This topic describes a sample use case in which a custom model is used for prediction and classification.
Assume that you need to predict whether patients are sick based on detected data.
You make the prediction based on a dataset that consists of regularized 30-dimensional vectors. The dataset is obtained from the Wisconsin Breast Cancer Dataset and has been imported into a PolarDB database, as shown in the following figure.
The diagnosis
column in the dataset is used to determine whether patients are sick.
A logistic regression prediction model that is created on the TensorFlow platform is used to perform the prediction. The model is saved as a binary file and uploaded to an Object Storage Service (OSS) bucket. For more information about the model creation process, visit the following URL: https://www.tensorflow.org/guide/core/logistic_regression_core.
To use a custom model for prediction and classification, perform the following steps:
Enable the PolarDB for AI and cold data archiving features for the cluster. For more information, see Enable the PolarDB for AI feature and Enable cold data archiving.
Connect to a database and upload the created model to the AI node.
Execute the following statement to upload the model named
lr_model
. You can specify a custom name for the model. The model name must start with a letter and cannot contain hyphens (-). The model name specified in statements used in the subsequent sections must be consistent with this custom name./*polar4ai*/ UPLOAD MODEL lr_model WITH (model_location = 'https://shared-model.oss-cn-hangzhou.aliyuncs.com/logistic_regression_model.tgz');
Execute the following statement to view the model status:
/*polar4ai*/ SHOW MODEL lr_model;
The following result is returned:
+-------------+----------------------------------------------------+ | modelStatus | modelPath | +-------------+----------------------------------------------------+ | saved_oss | http://bucket_prefix/logistic_regression_model.tgz | +-------------+----------------------------------------------------+ 1 row in set (0.16 sec)
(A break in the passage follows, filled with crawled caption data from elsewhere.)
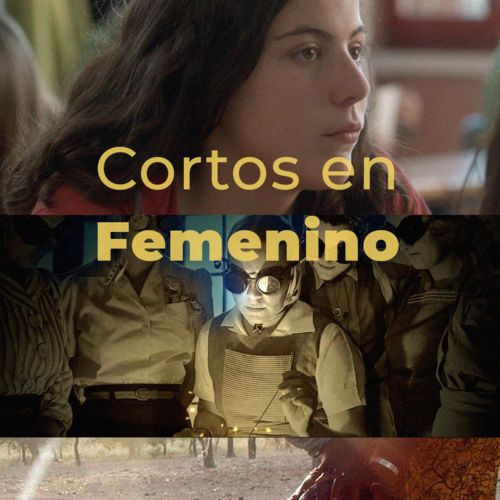 Cortos en femenino, en LINEA 
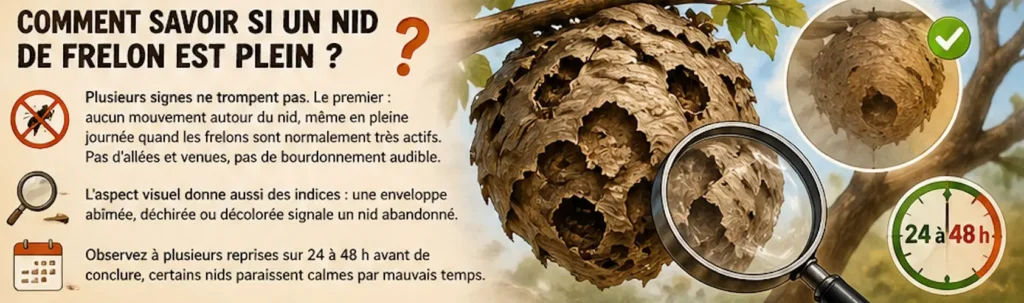savoir si un nid de frelon est plein
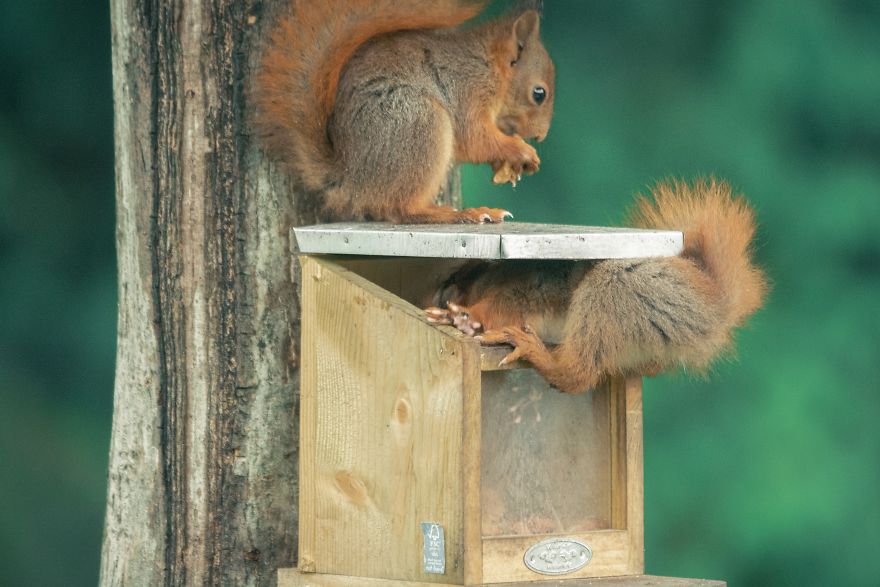 To Spread Some Joy, I Photograph Squirrels Playing In My Garden By Niki Colemont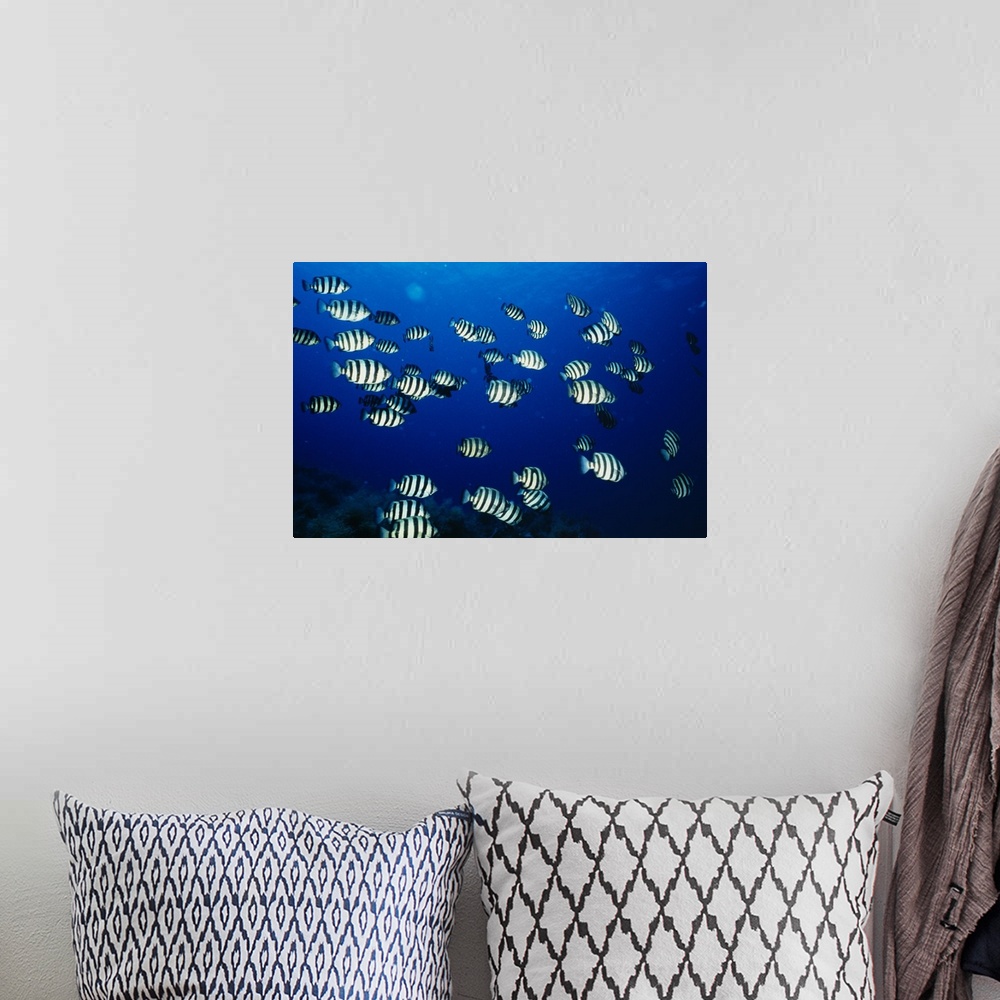 A bohemian room featuring Photograph taken of a large school of black and white fish swimming deep down near coral.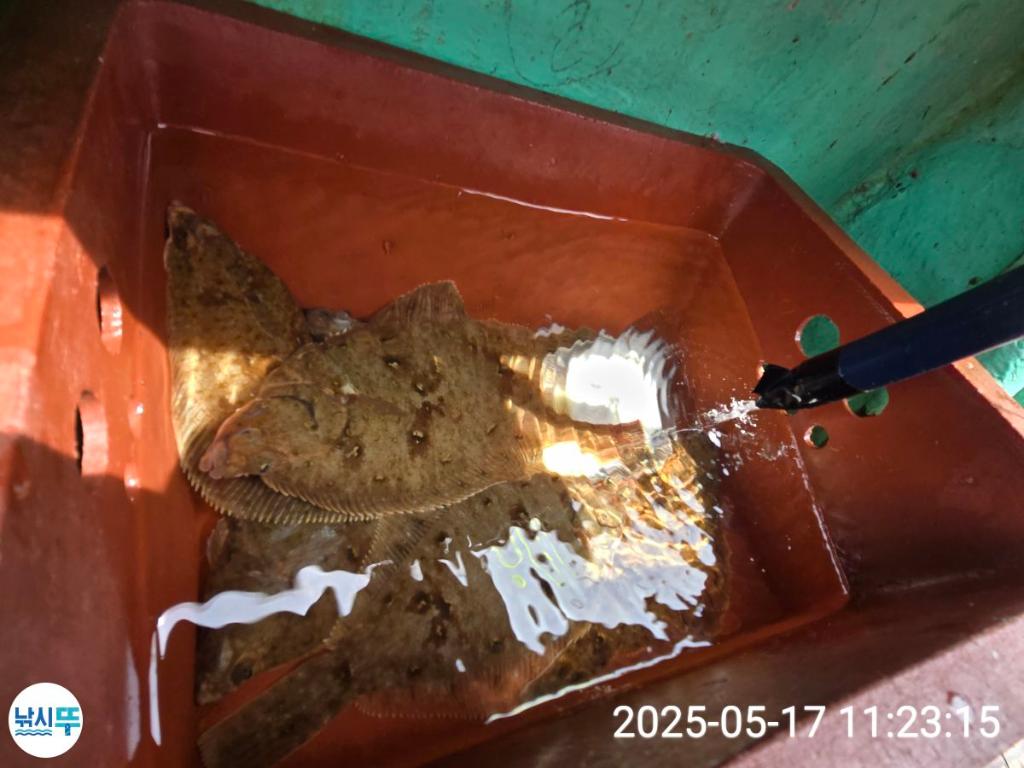 F2678496RC.jpg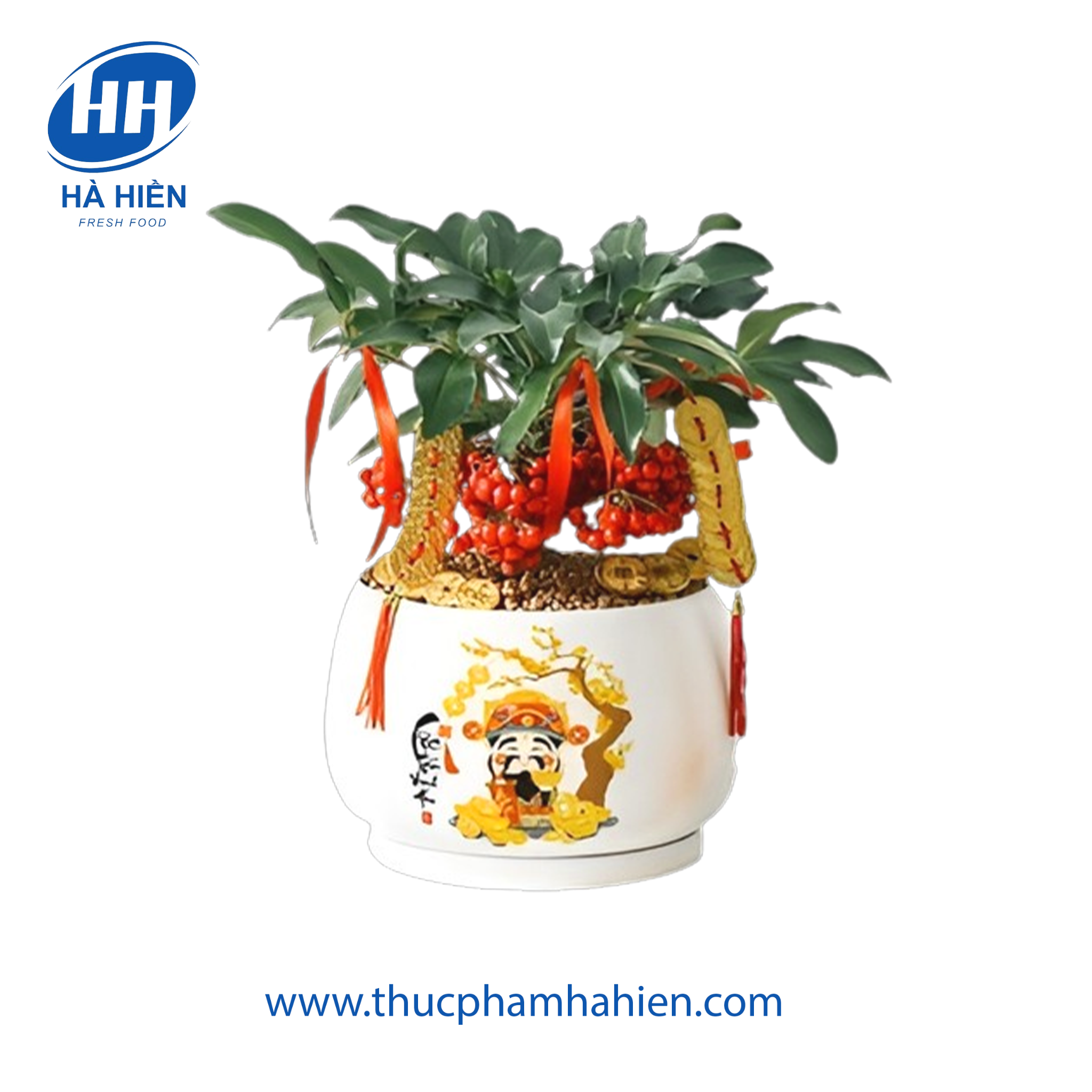 HOA KIM NGÂN LƯỢNG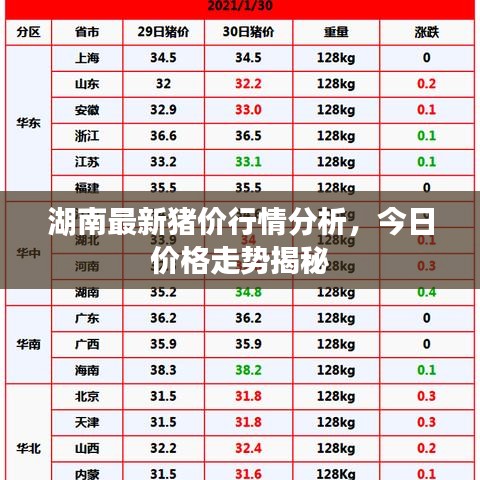 湖南最新豬價(jià)行情分析，今日價(jià)格走勢(shì)揭秘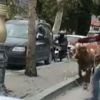 Sahibinden kaçan boğa trafiği birbirine kattı Sahibinden kaçan boğa trafiği birbirine kattı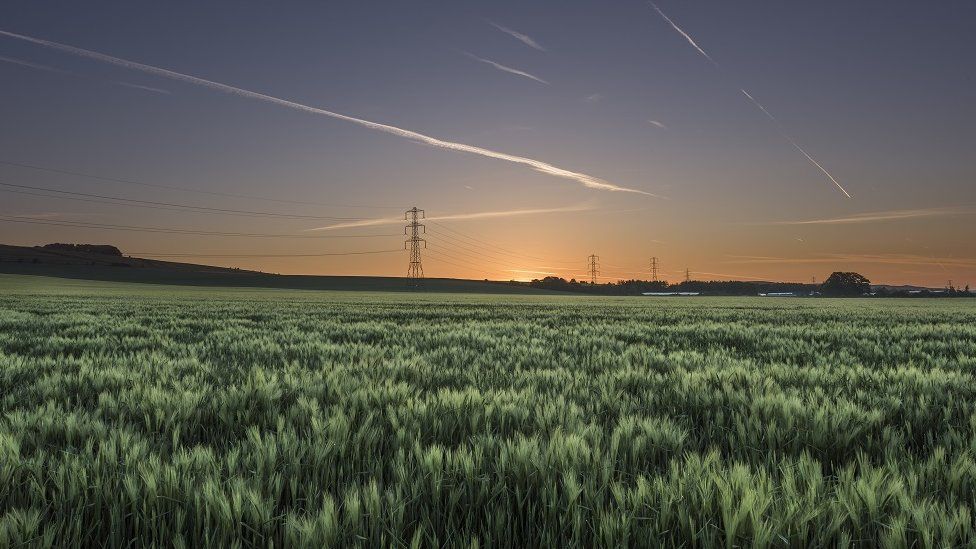 A moody view of a field with crops, a sun setting and pylons.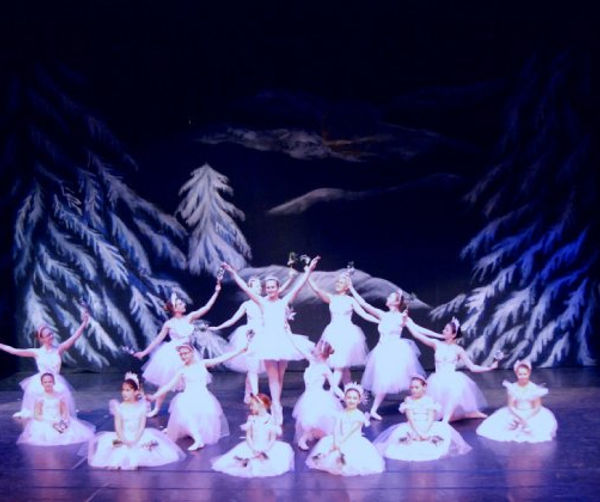 2010snow.jpg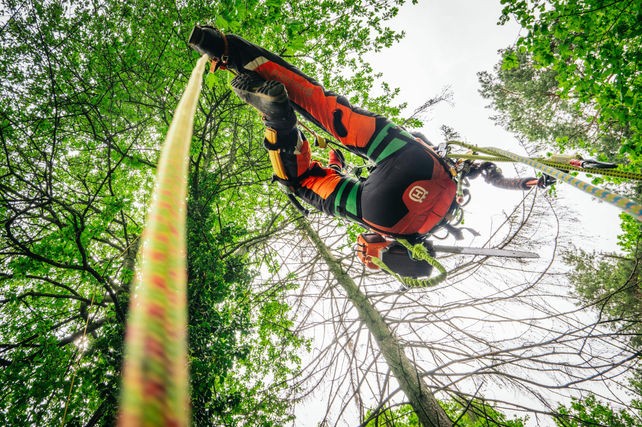 Seilklettertechnik zur Baumpflege, Baumkatastern, Obstbaumschnitt, Baumpflege, Pflege von Bäumen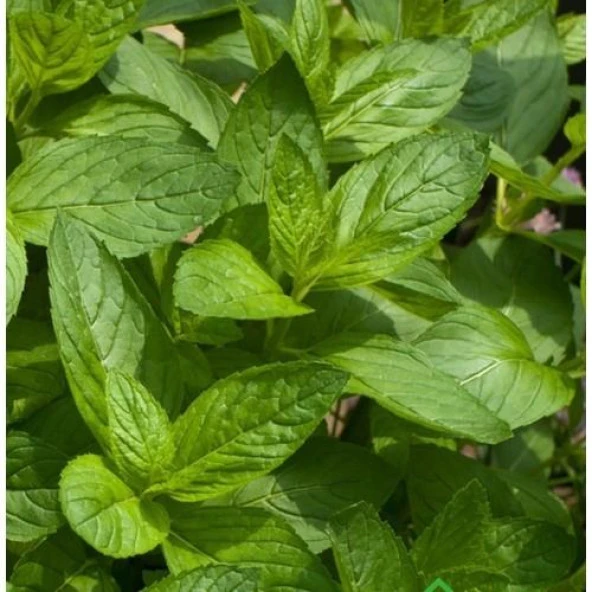 Yerli Nane Tohumu Takribi 100 Adet ürün görseli 1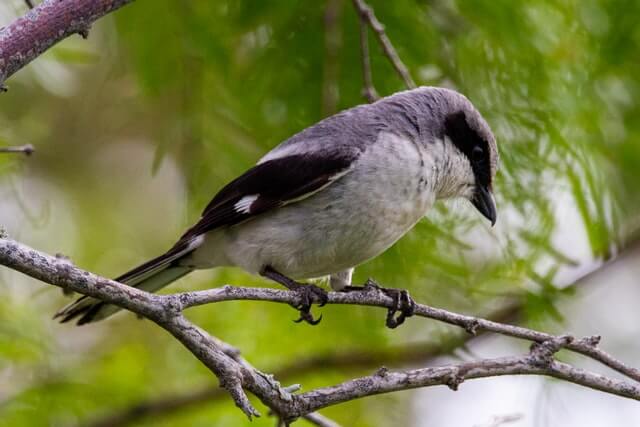 A Loggerhead Shrike perched on a tree branch.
If the model status is saved_oss, the model is uploaded.
Deploy the model.
Execute the following statement to deploy the model:
/*polar4ai*/ DEPLOY MODEL lr_model WITH (mode = 'in_db');
Execute the following statement to view the model status:
/*polar4ai*/ SHOW MODEL lr_model;
The following result is returned:
+-------------+---------------------------------------------------------+ | modelStatus | modelPath | +-------------+---------------------------------------------------------+ | serving | http://user_bucket_prefix/logistic_regression_model.tgz | +-------------+---------------------------------------------------------+ 1 row in set (0.16 sec)
If the model status is serving, the model is deployed.
Create a function.
Execute the following statement to create the
lr_model
function:CREATE FUNCTION lr_model RETURNS REAL SONAME "#ailib#_lr_model.so";
The following results indicate that the function is created:
Query OK, 0 rows affected (0.11 sec)
Execute the following statement to call the
lr_model
function for prediction and classification:SELECT lr_model(radius_mean, texture_mean, perimeter_mean, area_mean, smoothness_mean, compactness_mean, concavity_mean, concave_poinits_mean, symmetry_mean, fractal_dimension_mean, radius_ste, texture_ste, perimeter_ste, area_ste, smoothness_ste, compactness_ste, concavity_ste, concave_poinits_ste, symmetry_ste, fractal_dimension_ste, radius_largest, texture_largest, perimeter_largest, area_largest, smoothness_largest, compactness_largest, concavity_largest, concave_poinits_largest, symmetry_largest, fractal_dimension_largest) AS classification_result FROM logistic_regression_model_norm_table limit 10;
The following result is returned:
+-----------------------+ | classification_result | +-----------------------+ | 1.00000000 | | 1.00000000 | | 1.00000000 | | 0.00000000 | | 1.00000000 | | 0.00000000 | | 1.00000000 | | 0.00000000 | | 1.00000000 | | 0.00000000 | +-----------------------+ 10 rows in set (0.71 sec)
In the preceding result, the value 1 indicates that the patients are sick, and the value 0 indicates that the patients are not sick.